Usai menjelaskannya sedikit, pembawa acara lantas bertanya, "Kalian tahu mengapa umat Islam berpuasa?"
"Karena ada perintahnya dalam Al-Qur'an?" seorang pria menyambar.
Pembaca acara tersebut membenarkan.
"Tapi ini kan sudah diajarkan sejak lama, pasti ada tujuannya?!" sahut pria lain.
"Ya, maksud dari perintah tersebut agar si kaya, si miskin, dan yang tidak bisa makan menjadi sama derajatnya. Sehingga kita bisa tahu bagaimana perasaan orang yang tidak makan."
Duh, kalau melihat penjelasan semacam itu, saya jadi malu sendiri.

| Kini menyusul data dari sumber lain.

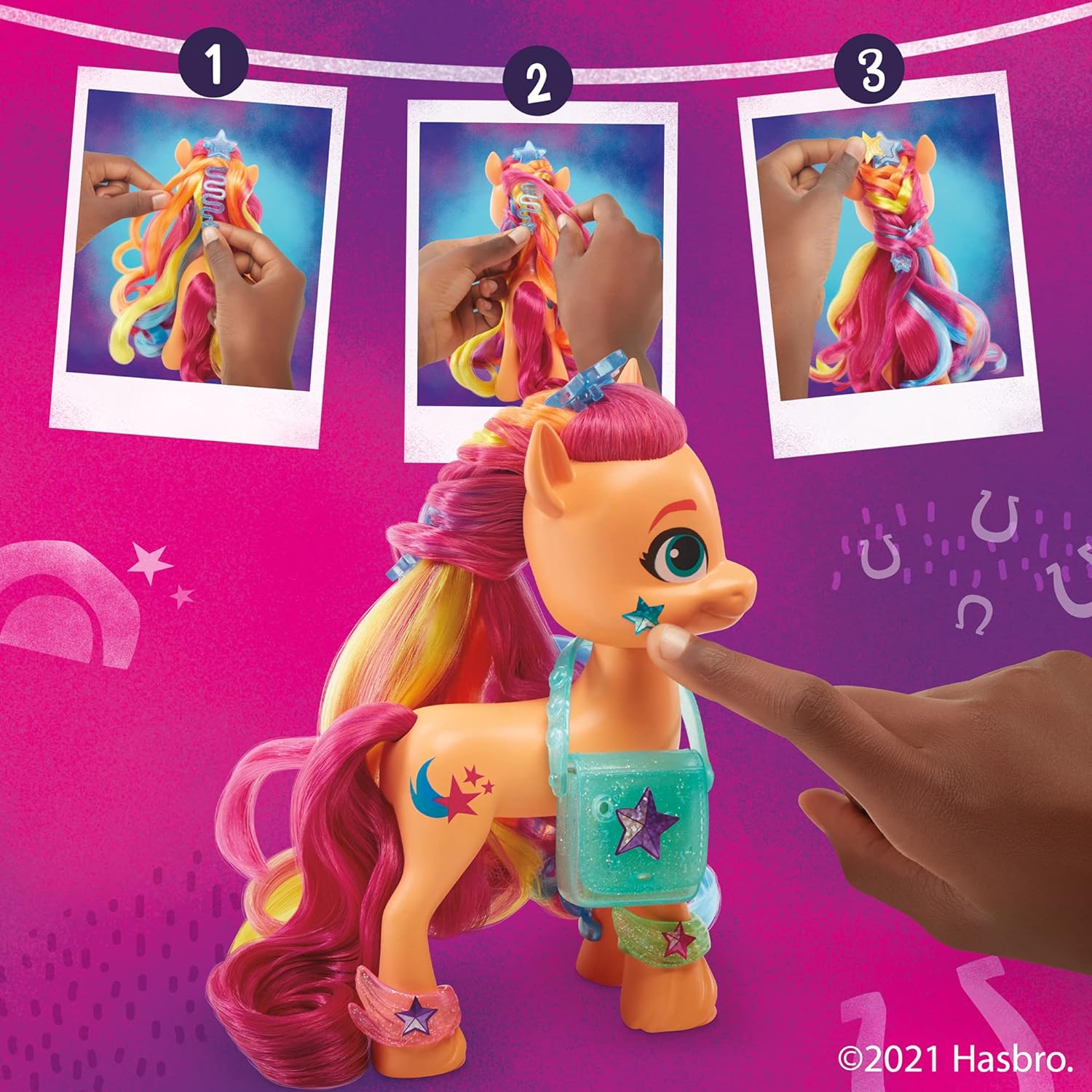 My Little Pony A New Generation Rainbow Reveal Sunny Starscout - 6-Inch Orange Pony Toy with Surprise Rainbow Braid and 17 Accessories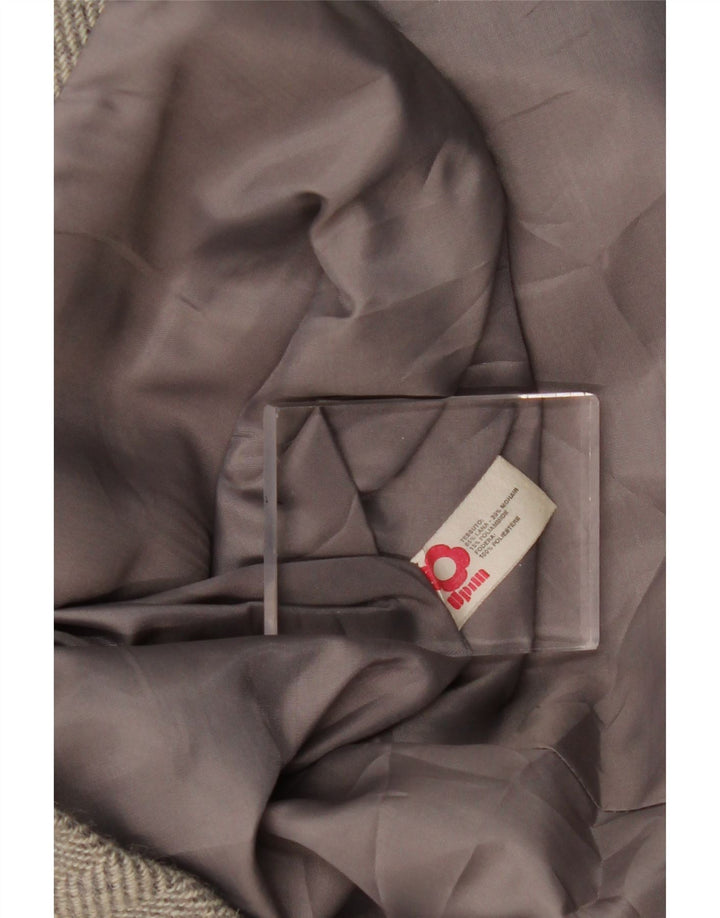 Giacca blazer doppiopetto da donna WPM UK 14 grigio medio a spina di pesce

Rasanya sejak TK dan SD, kami sudah hafal di luar kepala. Guru-guru kami sampai berbusa menyampaikan hikmah puasa agar umat Islam dapat merasakan pahitnya perjalanan hidup mereka yang kekurangan.
Namun kenyataannya, kami tidak sebaik itu. Kami hanya mengganti jam makan. Kami sekadar menahan lapar dan dahaga di siang hari, kemudian membalaskan dendamnya sebakda azan maghrib.
Maka jangan heran bila pengeluaran konsumtif kami justru lebih besar dibandingkan bulan biasa.
Kami berpura-pura empati. Seolah-olah peduli. Kalau bukber tiba, sifat hedon kami pun tak tahu diri. Gaza, Suriah, itu cuma berita yang numpang lewat di televisi.
Ah, semoga ini bukan kami. Hanya saya saja yang sering tidak mau mengakui. Walau kenyataan kerap berbeda dengan teori, tetaplah belajar serta berbenah diri.
Sebab sebagaimana kata Anis Matta, ajaran Islam tetaplah agung. Namun cahayanya seakan tidak berpendar hanya karena belum bertemu keindahan akhlak Muslim.